Essential Health Services: Zambia
Categories: Health Insurance (CBHI, SHI), Maternal, Neonatal and Child Health (MNCH), Publications, Universal Health Coverage
Resource Type: Brief
Authors: Jenna Wright
Published: July 2015
Resource Description:
An Essential Package of Health Services (EPHS) can be defined as the package of services that the government is providing or is aspiring to provide to its citizens in an equitable manner.
This country snapshot is one in a series of 24 snapshots looking at the governance dimensions of Essential Packages of Health Services in the Ending Preventable Child and Maternal Death priority countries. The snapshot explores several important dimensions of the EPHS in the country, such as how government policies contribute to the service coverage, population coverage, and financial coverage of the package.
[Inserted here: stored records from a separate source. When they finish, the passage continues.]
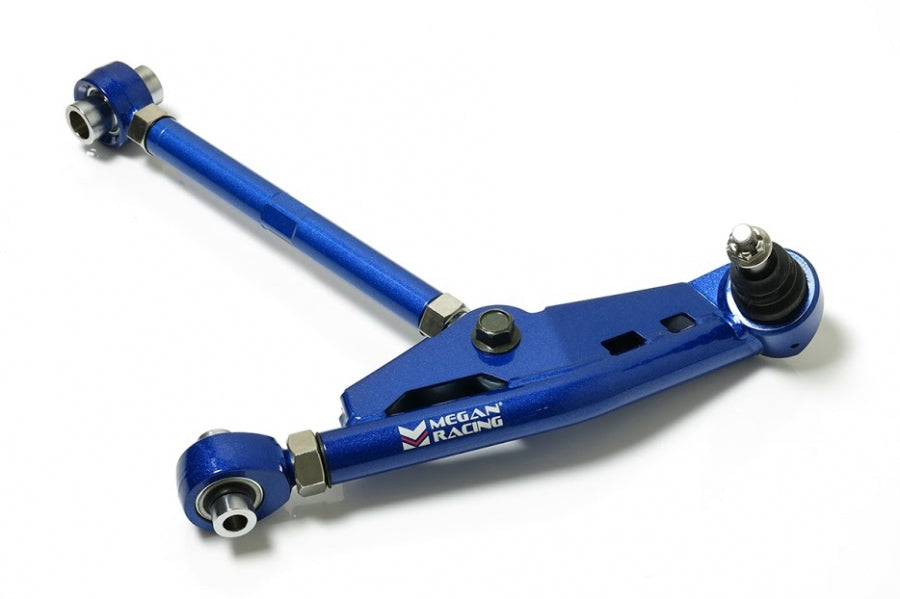 Megan Racing Front Lower Control Arms for Toyota GR 86 2022+ - MRS-SC-0624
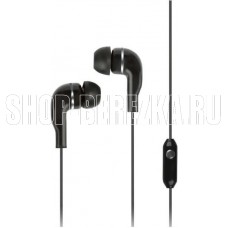 SMARTBUY (SBH-011K) S4 черный (коробка)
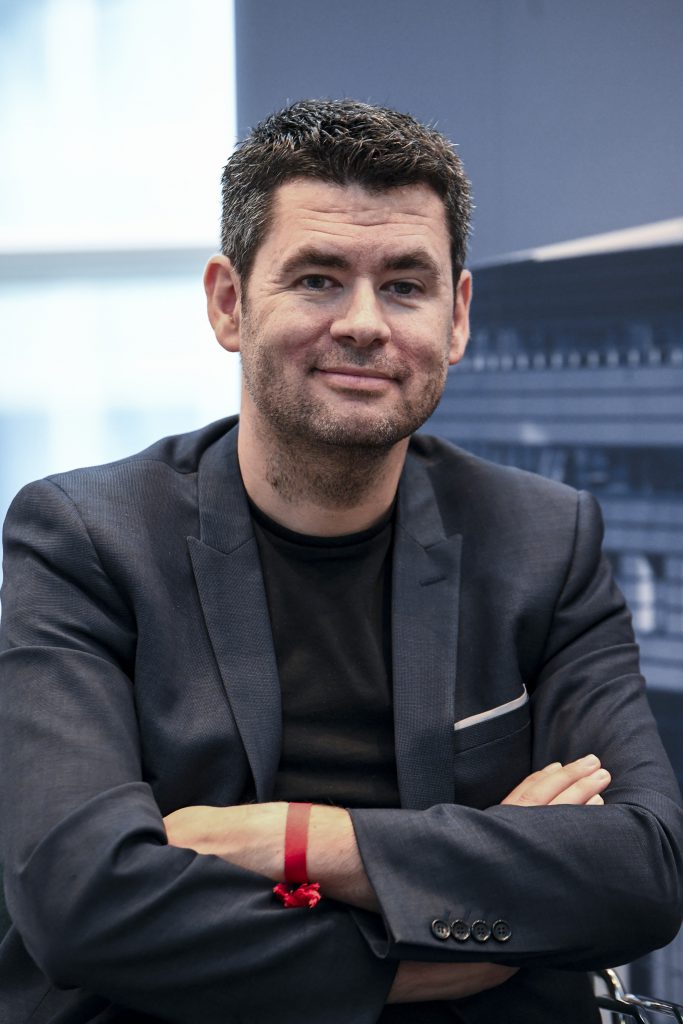 André Loesekrug-Pietri
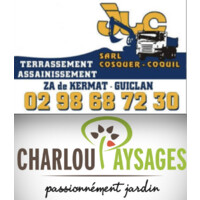 Coquil TP-Transports-Paysages logo - Similar company to Assainipiéces-Services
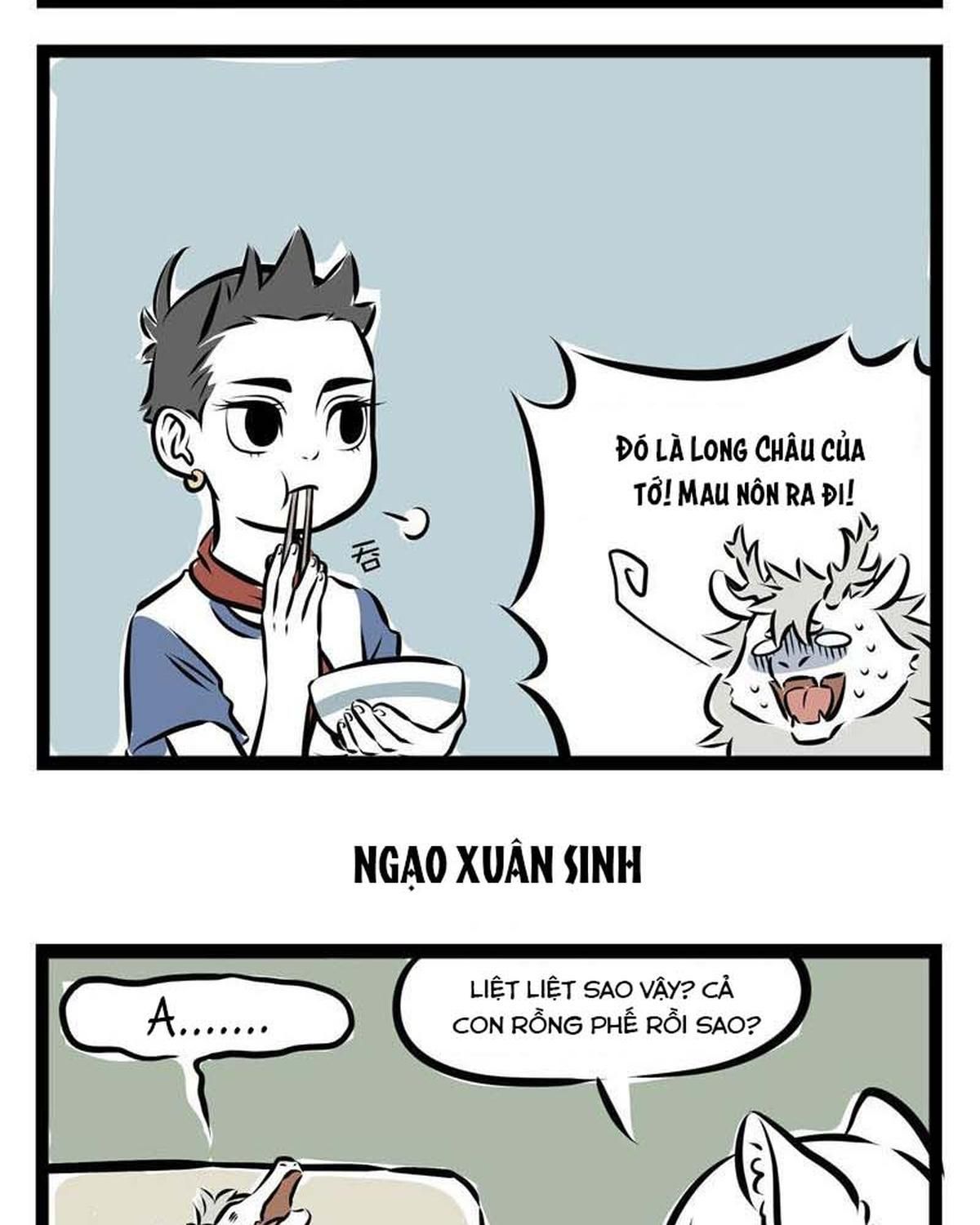 Phi Nhân Chapter 46 - Trang 2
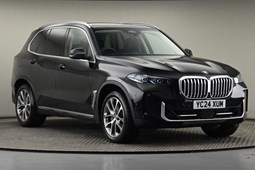 BMW X5 4x4 (18 on) xDrive30d MHT xLine 5dr Auto For Sale - Saxton 4x4, Chelmsford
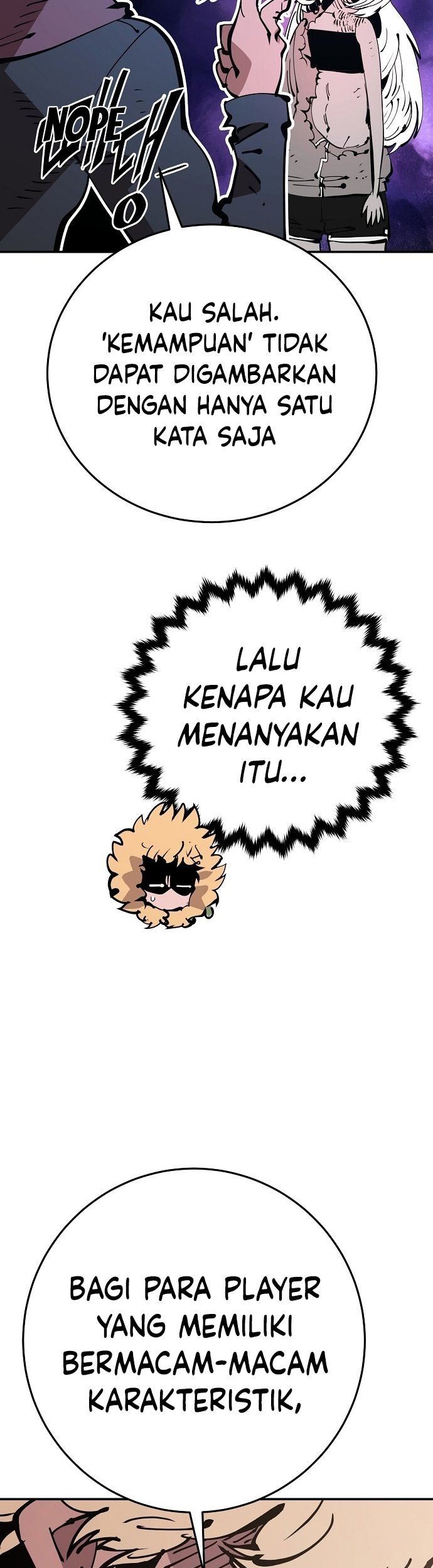 Player Bab 69 halaman 69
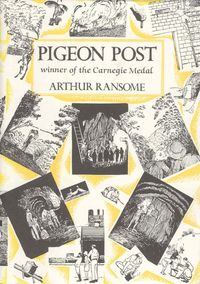 Produktbild: Pigeon Post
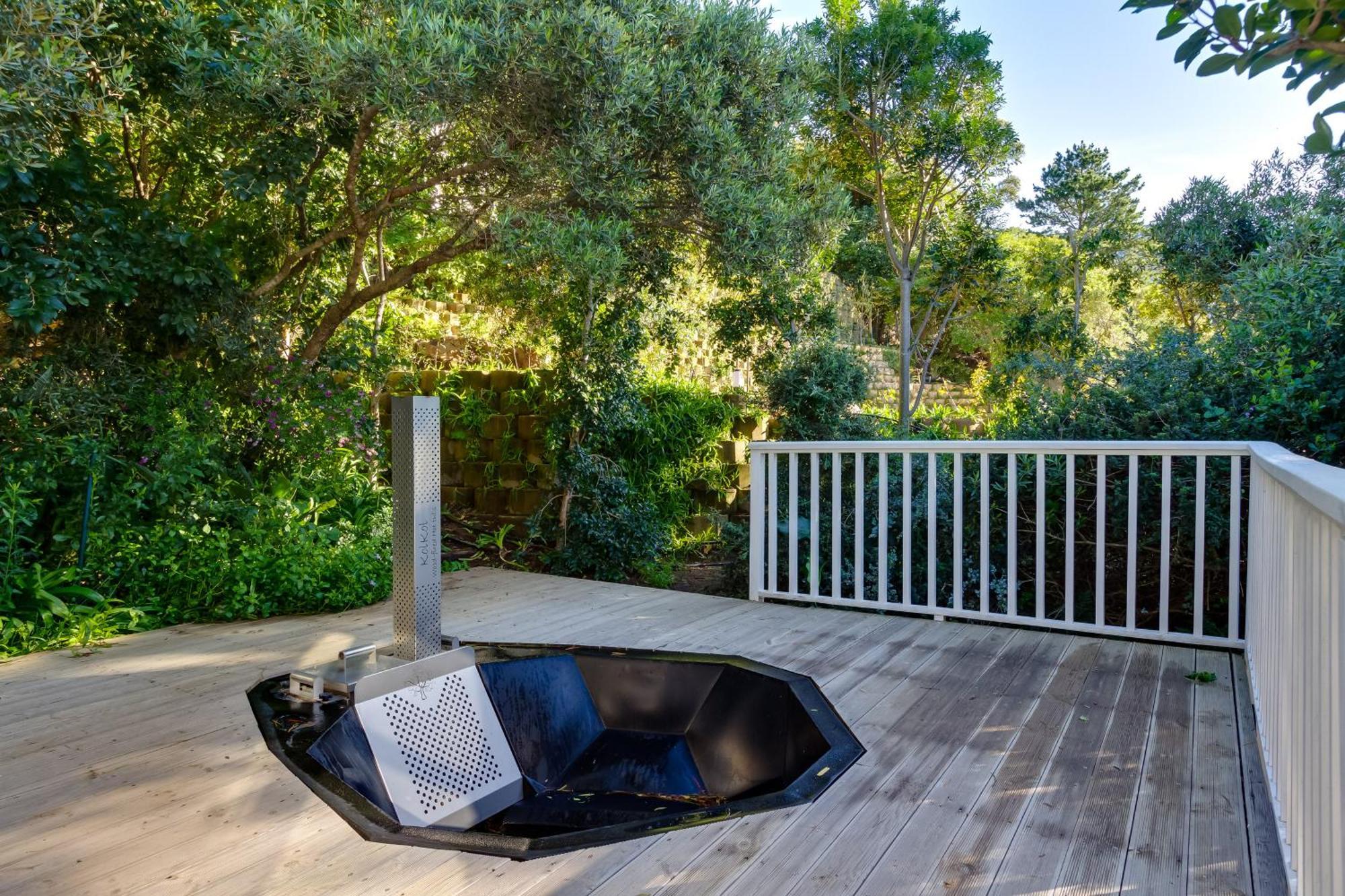 Apartment Bay Haven Collection - Treehouse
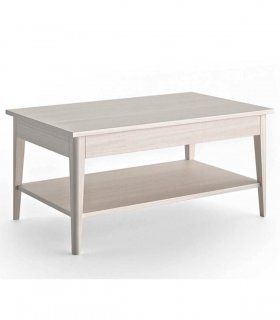 Mesa de salón elevable Estoril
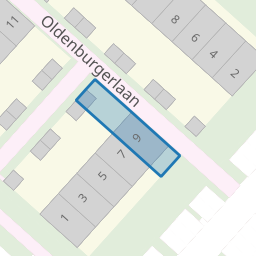 Perceel HLM03-AC-2204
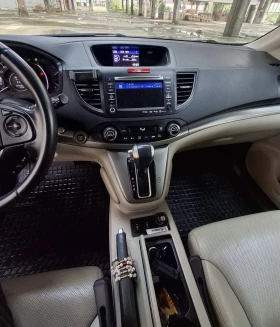 Honda Cr-v 2, 2 D 4x4 | Mobile.bg � ����� ������ 12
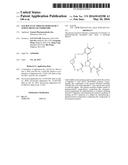 MACROCYCLIC PROLINE DERIVED HCV SERINE PROTEASE INHIBITORS diagram and image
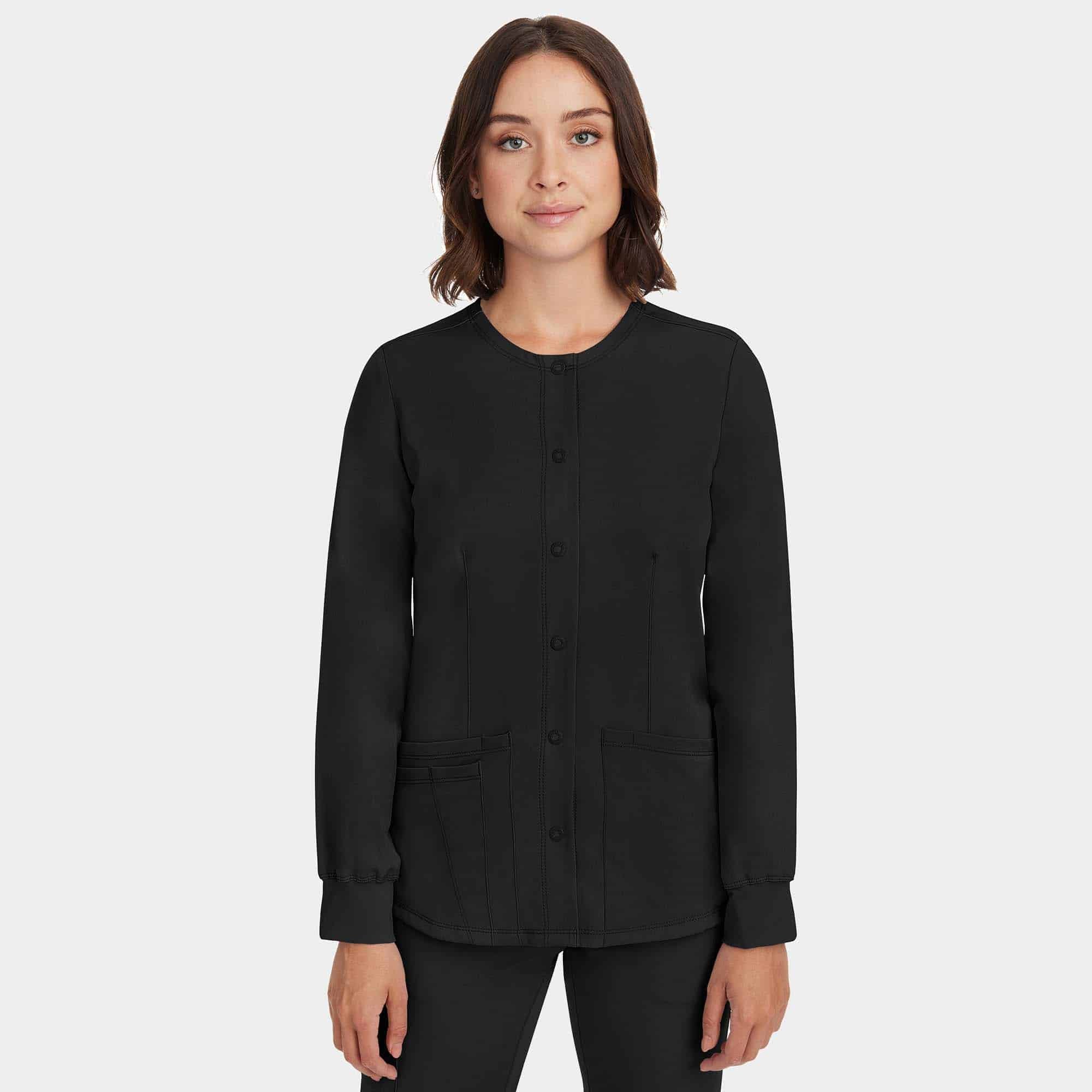 Megan Jacket | 5500 10 Megan Jacket | 5500 - Image 10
Zambia defined a “Basic Health Care Package,” but this package currently appears to be a list of national health priorities, not services. The Basic Health Care Package does not appear to meet our definition of Zambia’s EPHS. Additionally, according to the Sixth National Development Plan 2011–2015, the government was supposed to finalize and adopt the Basic Health Care Package by 2015, but we could not identify a revised BHCP as of February 2015 (nor does this BHCP appear to be synonymous with an EPHS). The Joint Annual Review of the Health Sector, Zambia (2012) stated that although the ruling party’s manifesto included “defining and providing people with access to basic services through the definition of an Essential Package of Health Services,” the 2012 National Health Policy did not include this activity.